WIP 2020: Am tidying up this post so things are a little messy right now!
Travellers looking to indulge in some arts and culture in Singapore should check out the Bras Basah – Bugis precinct in the Civic district. Home to some of Singapore’s more prominent museums and cultural institutions, you’ll find some pretty cool murals and art on its walls and streets as well. Here’s my guide on where to find street art in the Bras Basah – Bugis precinct in Singapore.
If your taste runs to quirkier types of museums, check out some of my favourite small niche museums in Singapore.
More information about the Bras Basah Bugis precinct can be found at the BBB website, and I’ve included a Google Map here as well. Most of the murals are in the Bras Basah area, but I’ve also included a category for Fort Canning as well.
Armenian Street has some pretty interesting buildings in its vicinity, like the Peranakan Museum and Singapore Philatelic Museum (both currently closed for major revamp). It’s usually one of the major venues for the annual Singapore Night Festival and in recent years, it has been converted into a pedestrianised street and is home to some pretty cool murals as well.
Location: low wall in front of carpark next to Peranakan Museum
This artwork was a collaborative effort by the RSCLS crew that was commissioned by the National Heritage Board in celebration of their 20th Anniversary in 2013. Located in front of the carpark right next to the Peranakan Museum, the low wall is emblazoned with a rainbow coloured artwork depicting the cultural flavour of the Bugis Bras Basah district. The little mosaic pieces depicting famous buildings in the area amidst the artwork remind me of Invader.

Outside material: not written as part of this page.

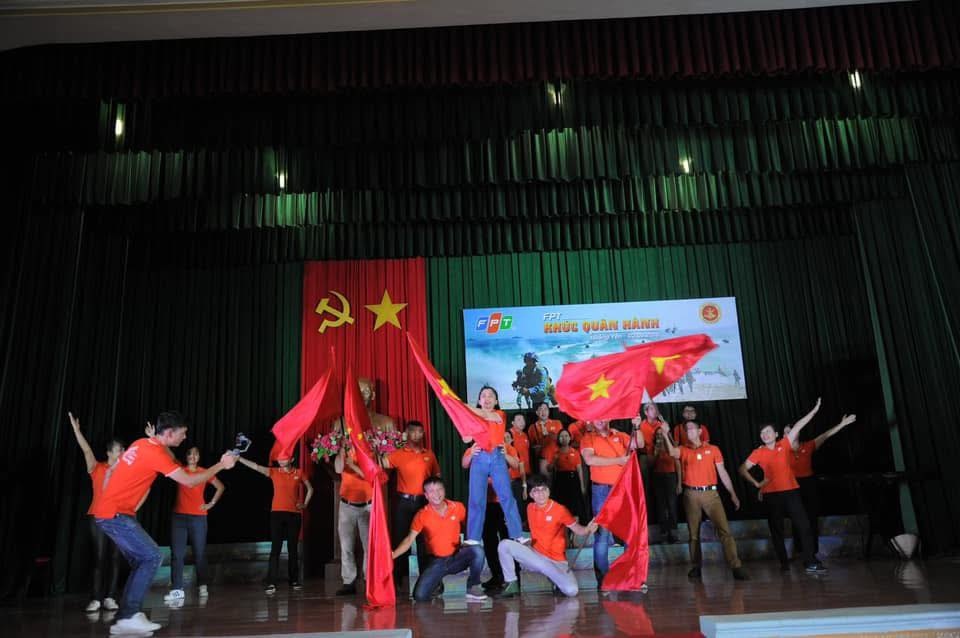 <p class="Normal" style="text-align:justify;"> Chị Huỳnh Thị Cao Thi - Giám đốc Trung tâm Đào tạo FPT Long Châu, Tập đoàn FPT xúc động:<br /> <br /> <em>Em vẫn nhớ mãi “Khúc quân hành” cùng anh. </em><em>Em vẫn nhớ năm xưa em đi làm dự án tồn kho công nợ lên cao kế toán FDC khoá không cho nhập hàng, không biết bao lần chạy lên xin anh Tiến cho visa đặc biệt giúp em, rồi họp chiến lược Tập đoàn chung đội với anh bọn em cứ thế răm rắp nghe theo không cần suy nghĩ chiến lược, kể cả tiết mục văn nghệ anh cũng làm đạo diễn xuất sắc, nhất định chọn em Thi cầm cờ vai chính vì anh biết cô tập yoga nên sẽ luôn đứng rất vững, anh luôn sâu sắc vậy đó.</em></p> <p class="Normal" style="text-align:justify;"> <em>Anh đã sống một cuộc đời đáng sống, anh ra đi làm bao nhiêu trái tim bàng hoàng thương nhớ nhưng những gì anh để lại sẽ còn lại trong tim mỗi đồng đội chúng em.</em></p>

The Substation is Singapore’s first independent contemporary arts centre and occasionally has some pretty avant-garde performances or exhibitions on show. Naturally, its walls are also home to various interesting artworks, some of those on the side alley lower walls rotate often enough, but others have been there for a long time.
For some live music by Singaporean musicians and a drink or two, head to the original Timbre outlet at the back of the Substation – just follow the sound of live music by Singaporean musicians!
Location: Side Alley between Peranakan Museum and Substation
This SpeakCryptic work high up on the wall from 2019 is called Sing Along If You Know The Words and based on the idea of a mosh pit. It’s done in his signature black and white style (Like his piece in Little India).
Location: Side alley (lower walls)
These works here seem to rotate fairly frequently. Some of the works that I saw in 2020:
Here’s a look at some older artworks that were painted over:
Location: Back wall of Substation next to Timbre entrance
Towards the back of the alley is a large collaborative mural called the Solidarity Project by Singaporean crew RSCLS with an Indonesian crew in 2013.
Location: Side wall facing SMU / Stamford Road
This wall was a bit of a surprise for me to stumble upon when I was searching for the theatre at the Nanyang Academy of Fine Arts (NAFA). It’s located just behind the Objectifs Gallery and popular restaurant Artichoke in a narrow alleyway.
The first time I found this wall, it seems more like an organic space for expression but unfortunately at some point, the graffiti was painted over.
Location: Alleyway between 222 Queen Street and Hotel Oxford that connects Queen Street and Waterloo Street.
This wall is another Solidarity Project by RSCLS, but this time a mash-up of Singaporean and Thai artists from Bangkok that dates back to March 2015. Recognise any Thai artists by their works? Check out my Bangkok Street Art post and see if you can match any works – I spotted Alexface and Bon because of their distinct characters, other Thai artists involved were Bang, Bonus, Gong and Leo. On the Singapore side we had Antz, Demo 365, Hegira, Hastwo, Klax and SKL0.
In July 2014 it had a lovely feature by an all-female artist collab called the Rebel Daughters.
Location: 51 Waterloo Street
Location: 231 Bain Street, Bras Basah Complex, next to Level 1 Toilets
Bras Basah Complex is an older shopping centre where most people head to for cheaper and quick printing options. Among its more popular tenants are Art Friend for all your DIY art supplies, the largest Popular Bookstore outlet for all your stationery needs, as well as Basheer Graphic Books which carries design and visual arts publications.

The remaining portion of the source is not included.